In che senso era necessario il dolore e la morte di Gesù nella storia della nostra salvezza? Non già nel senso di un destino cieco e crudele, né di una fatalità ineluttabile. Come abbiamo già visto, il Padre ispira una volontà d’amore in Gesù e si compiace della sua scelta di donare la vita; quindi il Padre è “costretto” in forza del suo amore a rendersi impotente perché il Figlio possa dare la prova suprema della sua volontà di autodonazione: “Per questo il Padre mi ama: perché io offro la mia vita, per poi riprenderla di nuovo.
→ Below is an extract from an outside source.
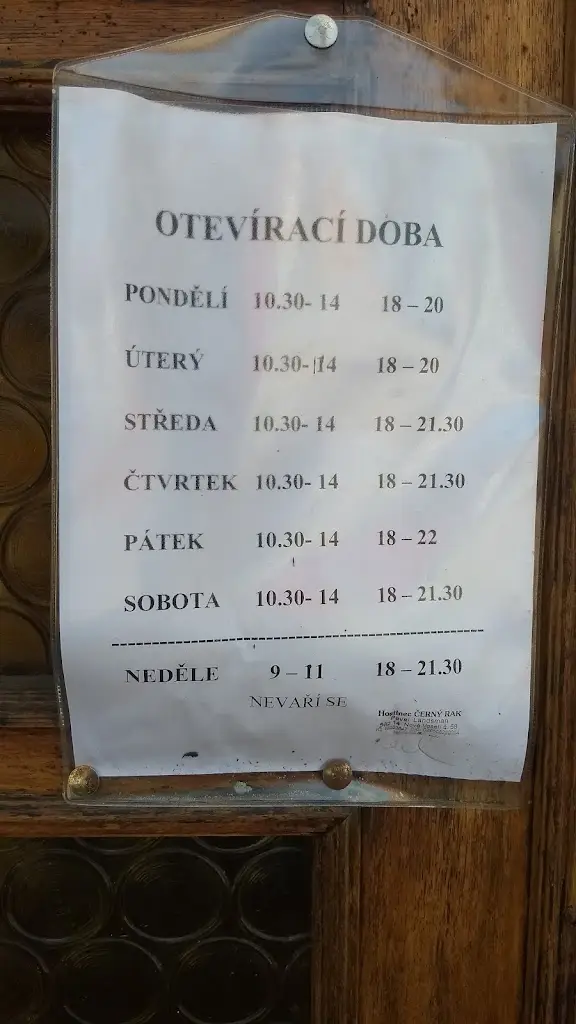 Menu_Černý Rak_Nové Veselí_image_1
Nessuno me la toglie, ma la offro da me stesso, poiché ho il potere di offrirla e il potere di riprenderla di nuovo. Questo comando ho ricevuto dal Padre mio” (Gv 10,17-18).
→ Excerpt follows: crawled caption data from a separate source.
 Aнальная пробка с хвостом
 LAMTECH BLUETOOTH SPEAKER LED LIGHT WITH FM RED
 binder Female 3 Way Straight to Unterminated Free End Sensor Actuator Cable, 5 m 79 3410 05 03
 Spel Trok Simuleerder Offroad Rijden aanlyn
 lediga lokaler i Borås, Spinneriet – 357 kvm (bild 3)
Possiamo tentare a questo punto una prima sintesi: Gesù è “il Figlio che per obbedienza si fa schiavo d’amore.” L’episodio della lavanda dei piedi ne è l’illustrazione più eloquente: Gesù si alzò da tavola, racconta l’evangelista Giovanni, “depose le vesti”e si mise a lavare i piedi dei discepoli, facendo quello che non si poteva esigere nemmeno da uno schiavo ebreo. Per dire “deporre le vesti”, l’evangelista usa il verbo gr. tithenai, lo stesso usato in 10,11.15.17.18 per il sacrificio della vita, come a voler porre un parallelo intenzionale tra la lavanda dei piedi e la morte del Signore. Lo “spogliarsi” di Gesù che Giovanni illustra in forma di racconto, Paolo lo canta con accento lirico: “Pur essendo di condizione divina, spogliò se stesso assumendo la condizione di servo” (Fil 2,6-8). Il card. Martini ha affermato che, ad essere precisi, quel “pur” non c’è nel testo greco: non è quindi da mettere in contrasto il fatto di essere natura divina con quello di spogliarsi di questa natura[6] quindi l’espressione andrebbe intesa non in modo concessivo (“sebbene fosse di natura divina”), ma in modo causale: “perché era di natura divina”: come a dire che è proprio dell’amore divino abbassarsi fino allo svuotamento totale di sé (kenosi).

 

 

L’incarnazione: “Allora ho detto: lascio tutto, eccomi!”

Possiamo andare ancora più a ritroso e risalire fino all’istante zero dell’esistenza storica di Gesù, insomma fino all’incarnazione? A prima vista l’impresa si presenta impossibile: cosa possiamo dire noi, che a mala pena riusciamo a farfugliare qualcosa sull’origine di una esistenza umana, cosa possiamo dire di quell’evento assolutamente unico qual’è il concepimento del Figlio di Dio “per opera di Spirito Santo”, un evento che in quanto tale sfugge ad ogni possibilità di verifica? Eppure la lettera agli Ebrei interpreta l’inizio della storia umana di Gesù con il linguaggio dell’obbedienza: “Entrando nel mondo, Cristo dice: Tu non hai voluto né sacrificio né offerta, un corpo invece mi hai preparato. Non hai gradito né olocausti né sacrifici per il peccato. Allora ho detto: Ecco io vengo – poiché di me sta scritto nel rotolo del libro – per fare, o Dio, la tua volontà” (Eb 10,5-7). Fin dal primo istante della sua esistenza terrena, Cristo aderisce al progetto di Dio, al punto da annientare se stesso davanti a lui e condurre i fedeli alla santificazione, per mezzo del sacrificio della sua vita. In questa prospettiva viene riportato il Salmo 40,6-8, un testo che non viene mai citato altrove nel NT e che qui viene riletto con finezza assai originale: in modo sorprendentemente drastico si liquida il sistema ritualistico del culto antico, giudicato radicalmente inefficace al fine di ottenere la comunione con Dio e si sottolinea l’ingresso nel mondo di Cristo come un atto di obbedienza: “Ed è appunto per quella volontà che noi siamo stati santificati” (Eb 10,10).

È come se Cristo, spogliandosi della gloria divina ed entrando nella storia, dicesse: “Lascio tutto: eccomi!”. La nostra obbedienza trova in quella di Gesù la sua prima sorgente e il modello più alto.

 

 

 

 

 

Note

[1] Cfr. S.Th., III, q. 47, a.3.

[2] Cfr. Contr. Gent. IV, 55, 16.

[3] S. FRANCESCO D’ASSISI, Ammonizioni, II, F.F. n. 147. 

[4] PL 182, 1070.

[5] RANIERO CANTALAMESSA, L’Obbedienza, Milano 1995, p. 17.

[6] CARLO MARIA MARTINI, Abramo, Roma 1981, p. 81s.